We headed out to Little Italy for dinner, where we didn't think we could have a bad meal. Ooops. We were seated, only to be told we couldn't sit there. They gave us no time to eat, got our drinks wrong, and served chicken that tasted like it had been frozen. I won't put their name here, and hope that it was an isolated incident. My standing recommendation for Little Italy is La Mela at 167 Mulberry, www.lamelarestaurant.com.

Afterwards, we went to Splash, one of the clubs that was supposed to be hot on Saturday night. It was a weird scene -- the video screens showed some guy tied down and gyrating in the sand, and there were men in leather doing master/servant shit on platforms. Nothing wrong with it, but not my scene -- until I saw a cute little guy standing off from the crowd. We eye flirted for a few minutes, and I went over to say "Hi". When I asked him why he hadn't said anything to me, he said:

"I figured you were looking at my friend. People are always checking him out." Adorable (as was his friend). It stood as the cutest thing he did for about 5 minutes, when he put his head in my chest and said, "How tall ARE you?" (I'm only 6', but he was on the short side.)

Once I convinced him that he was the subject of my interest, things warmed up nicely until it was time to leave. It turned out that he lived in Queens, and I was sharing a bed with my buddy, so we really had nowhere to go. I was about to get in a cab, when he remembered "a place" he had heard about from a friend. We walked for a few minutes, and were suddenly entering a PORN STORE. Turns out that if you pay for a private viewing room in the back, you can pretty much do what you want. There were signs with rules about how many people you could have in a room (one) and things you couldn't do (fellatio). (If you can break the latter rule without breaking the former, more power to you. I've tried many times since seeing Clerks, and still can't quite get there.) (www.vulturezoneb.com)

We broke those rules, and a few others, before I took a cab home. Getting blown in the back of a porn shop has to be the most tawdry thing I have done. At least now I can chime in during the "Where's the weirdest place you have ever done it?" conversations; previously, I just blushed and wished for a more interesting life.

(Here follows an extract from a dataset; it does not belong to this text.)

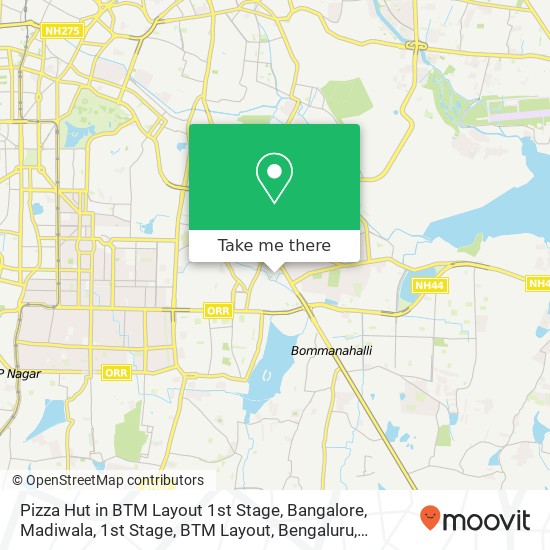 Pizza Hut in BTM Layout 1st Stage, Bangalore, Madiwala, 1st Stage, BTM Layout, Bengaluru, Karnataka map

I am well aware that this does not vault me into the upper eschelons of sexual experience, but hey, I grew up Catholic in Erie, PA, and came out late in life.

Sunday we went to a Yankee game, which was a blast. The Trambleys have been loyal Yankee fans since Grampa decided it was the best way to piss off all the Cleveland Indians fans in Erie. I had given passing thought to a ball game, but didn't figure it was in the cards when hanging out with a gay Jewish boy who works for Sephora. So I was thrilled when he asked, rather timidly, if I liked sports, and then if I wanted to see a ball game. (www.soulofamerica.com)

The Yankees won, which was great. But the most memorable part was the two drunk guys behind us who were redefining politically incorrect. They reminded me of Statler and Waldorf from The Muppet Show (www.bbc.co.uk).

My buddy and I must have looked at each other and shook our heads at least 20 times. I think they peaked when Hideki Matsui struck out:

"What do you expect when his eyes are shut 3/4 of the way all the time?"

Either that, or when there was some confusion over the price of a Bud, and one guy yelled to his friend:

"Great, now I have to drink a warm beer because you're a retard." I wonder if they took the short bus to the stadium (www.justtottheleft.com).

The funny thing about Yankees fans, and New Yorkers, is that they probably would have tried to beat the crap out of anyone else (especially a Red Sox fan) who said word one about Matsui. Kind of like my grandfather, who was occasionally intolerant of groups, but treated everyone he actually knew rather fairly.

That night we went to Hiro (www.ictv1.com), which lived up to its billing as THE gay place to be on Sunday. I was getting whiplash looking at all the hotties (including my boy from the Pyramid Club, who made an encore appearance and was still interested) until I had a blast from my past. As I don't like to identify people in my blog without their knowledge, we'll call him Ray.

***Flashback sequence. Pretend it's in black and white.***
I met Ray while flinging bracelets and T-shirts to the crowd on the gay.com bus last Pride. My jaw dropped when I saw him, and once I actually got up the nerve to talk to him, we seemed to hit it off a little. We met up in the 'Stro a couple of times, and I walked him home once, got a kiss, and got a date scheduled.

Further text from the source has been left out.